Ol’ George was spot on with this observation. It’s [the current year] and you can’t toss a cat on a college campus without hitting an SJW hugbox humidified with the triggered tears of a bulbosity of bitterbitches.

Related, PA adds historical context to an anecdote recalled by social scientist Jonathan Haidt:

the auditorium full of high school girls doing the finger snapping routine at him. […] Haidt says it is (was) very disconcerting, worse than disconcerting actually – upsetting and a little scary even. Threatening.

The teenage girl’s simple minded absolutism and devotion to the master.

Accounts of Mao’s and Pol Pot’s atrocities consistently paint teenage female cadres as the most terrifying among the henchmen.

Women in their prime beautility (beauty + fertility), which coincides with the ages from 15 to 25 or thereabouts, are the most eager to submit to the reigning tyranny.

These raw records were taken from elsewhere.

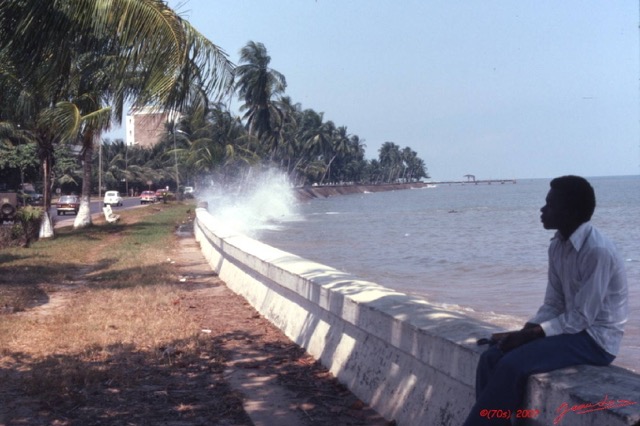 022 1976 Libreville Ancien Bord de Mer 073wtmk.JPG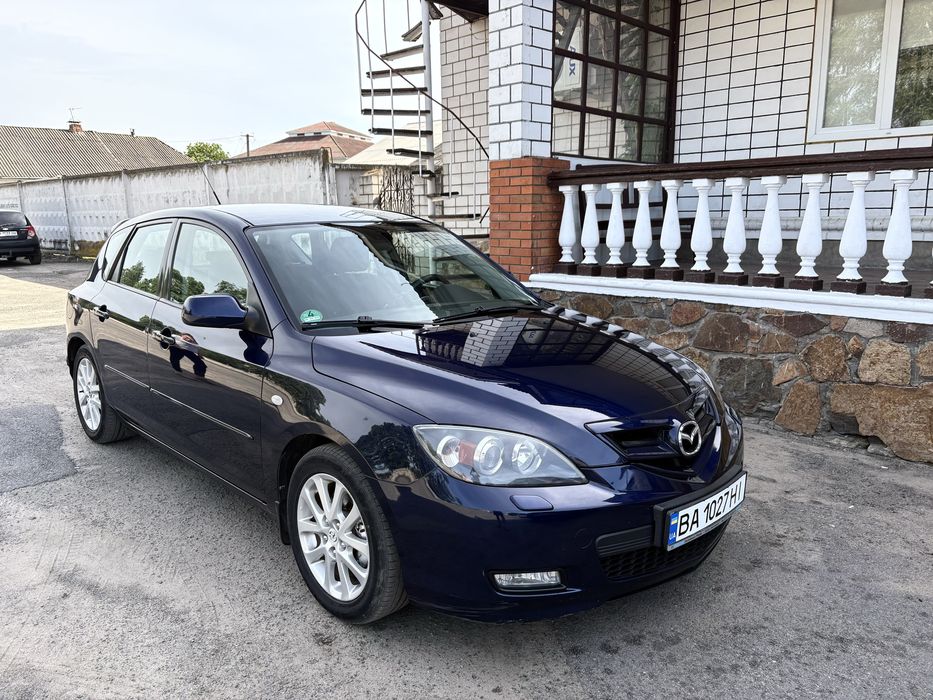 Продам автомобіль Mazda 3 1.6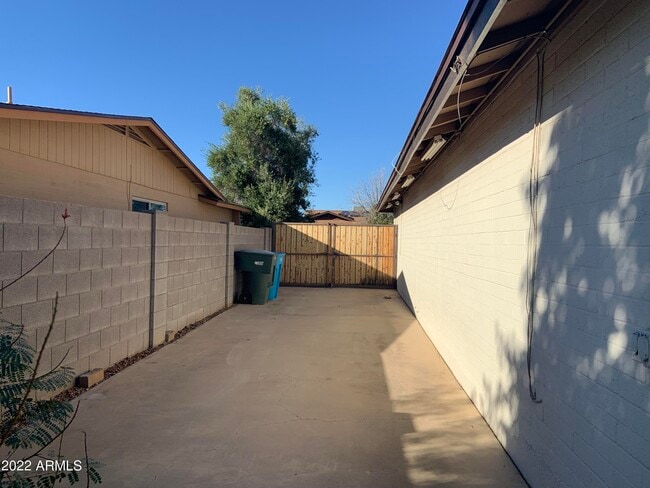 Building Photo - 3213 W McRae Way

CH writes a lot about the romantic desire of women, especially young women with a full load of eggs in their moist wicker baskets, to submit to a powerful alpha male. A lot of Game concepts proceed from this first principle governing the instinctive mating behavior of women.

But Le Chateau is more than a dating guide, and hopefully readers are beginning to see how Game and Seduction tie in with Culture and Society. The internal combustion forces that drive women to happily submit to intoxicating powerful men are the same forces that equally drive women to submit to the tyrannical Leftoid Orthodoxy, and to profess their undying love for the orthodoxy. (Even to make excuses for the orthodoxy, just as they do for their jerk boyfriends, when someone points out that maybe they’d be better off in the long-run with a different master.)

The only way to win White women back from their loyalty to antiracism tyranny is to present them with the allure of an even stronger, sexier tyranny. Mock antiracism without apology or backpedaling and you provide women a glimpse of your ZFG alpha rebel bona fides. Offer in the place of antiracism orthodoxy another, better, orthodoxy that speaks more clearly to the White woman’s future and, importantly, exhibits more conspicuously the greater good of your sexually irresistible self-entitlement.

Shitlibs and cucks will tremble and rage, while you, Master of Your Amused Domain, Knight of the Order of State Control, Wielder of the Shiv of Unified Purpose and Divided Vaj Flaps, reap the dual rewards of a rich sex life and a reborn nation once again administered for the benefit of your posterity.

Game can, indeed, save the White homelands.